Two Models, Thirty-Five Minutes

2 Sents

Claude Opus 4.6 and GPT-5.3-Codex dropped within about thirty-five minutes of each other, and they are optimized for different jobs. Opus 4.6 is better when I need deep, long-context reasoning across a messy codebase, while 5.3-Codex is better in fast edit-test-fix loops and autonomous debugging. For most teams, the bigger limit now is operator skill, not raw model cost.

On February 5, Anthropic released Claude Opus 4.6. About thirty-five minutes later, OpenAI released GPT-5.3-Codex.

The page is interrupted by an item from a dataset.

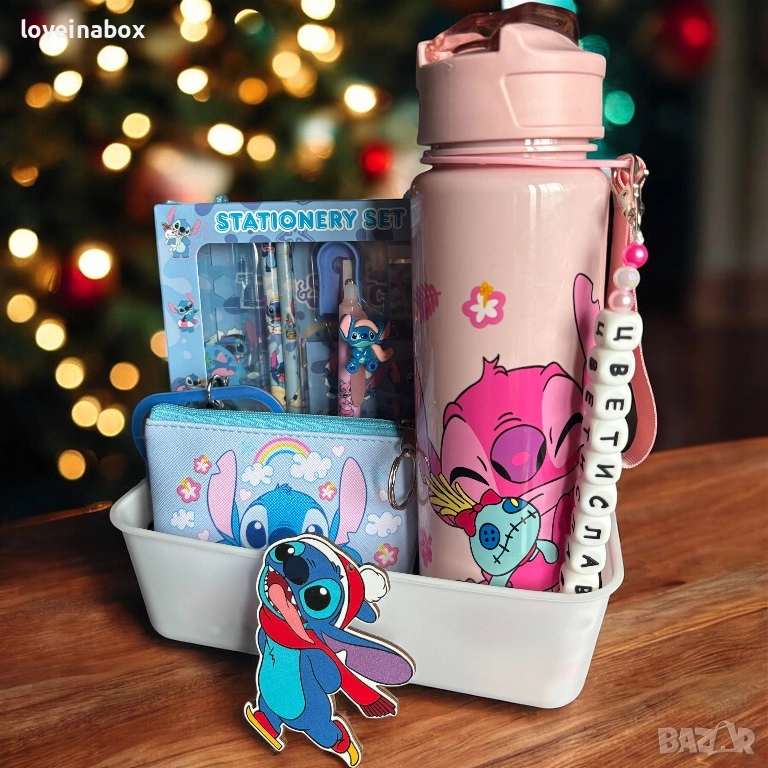 Коледен комплект Стич, снимка 1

Fun gossip timing. What mattered to me was practical. I was already mid-sprint, and both releases changed what I could finish that same day.

Opus 4.6

Opus 4.6 goes big on context and sustained reasoning. You get a 1M-token context window, Anthropic's "Adaptive Thinking," and support for agent teams that split work across parallel workers. I can load a large repo plus tests plus docs and keep one coherent thread.

GPT-5.3-Codex

5.3-Codex goes the other way on speed and execution. OpenAI says it is 25% faster than GPT-5.2, and that lines up with what I felt in coding loops. I can ask for a change, run tests, steer, and repeat without waiting long enough to lose focus.

Reasoning effort

Both model families now let you dial reasoning effort from low to high. Claude adds a "max" tier above high.

I keep most tasks on medium. High or max is for messy architecture, multi-step logic, or math-heavy debugging. Running everything at max feels like running every SQL query with EXPLAIN ANALYZE. Thorough, expensive, and mostly unnecessary.

Picking one

Opus 4.6 when you need to ingest a massive codebase or document set and reason over it as a whole. Thirty files interacting before you change anything? Large context window and deep reasoning.

GPT-5.3-Codex when you want fast, iterative coding with real-time feedback. Describe, generate, test, refine. Also solid for autonomous debugging across a test suite without constant hand-holding.

For most engineers, ecosystem fit matters more than tiny model deltas. Already deep in Claude Code or Cursor? Opus 4.6 slots in cleanly. Team lives in ChatGPT or Codex CLI? 5.3-Codex is the smoother default. I almost never recommend switching ecosystems for marginal gains.

Cost

Claude Opus 4.6 costs $5 per million input tokens and $25 per million output tokens, same as Opus 4.5. GPT-5.3-Codex is bundled in paid ChatGPT plans, and OpenAI still has not posted standalone API pricing. GPT-5.2 API pricing is in a similar neighborhood.

Capability keeps climbing while per-token cost drifts down. In my experience, most teams now lose more money to weak prompting and poor review habits than to API spend. A team burning 10 engineering hours a month on low-quality agent output should fix workflow before negotiating model pricing.

Six months ago

Six months ago, three workflows were mostly demo material for me.

Loading an entire monorepo into one context and asking cross-system architecture questions.
Letting an agent debug failing tests across multiple services without forgetting prior attempts.
Iterating on full pull requests with live steering while the model tracks both the diff and the surrounding codebase.

Now they are normal Tuesday workflows.

The interesting race is no longer "who shipped this week." It is which teams are building better model operators. That is where the next 10x gains are.